_Dataset excerpt_
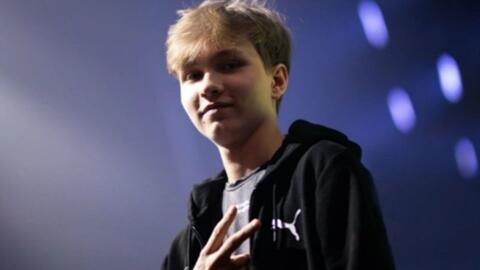 防守更紧 防守更紧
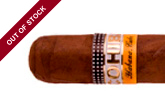 Cohiba-Robustos-small-out.jpg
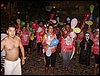 DSC04286.JPG
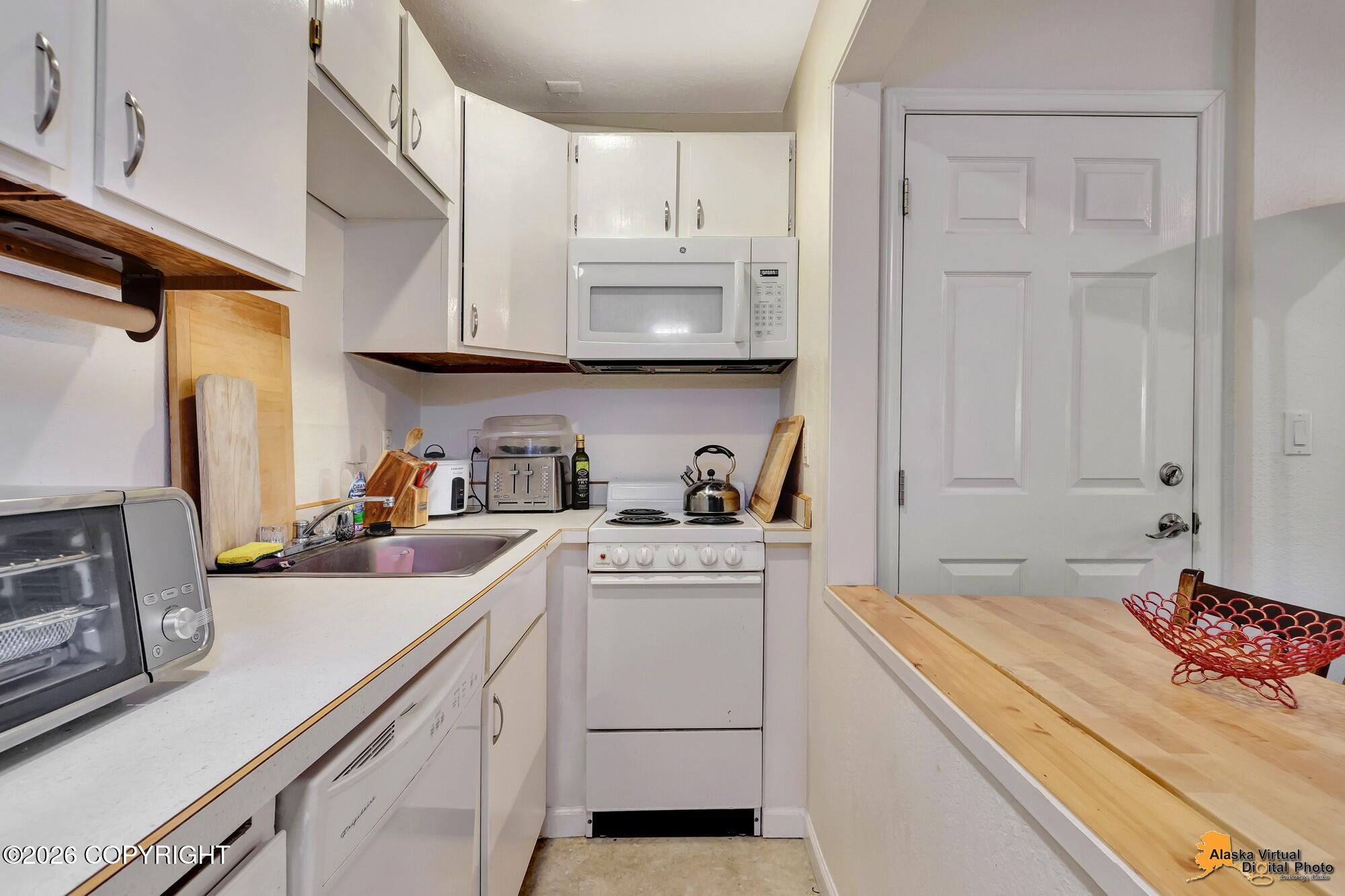 1819 Rogers Park Court Property Photo 43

_Task statement_
Transcribe the whole listing exactly. Pictures stay out of your copy.

_Reply to the exercise_
 防守更紧 防守更紧
 Cohiba-Robustos-small-out.jpg
 DSC04286.JPG
 1819 Rogers Park Court Property Photo 43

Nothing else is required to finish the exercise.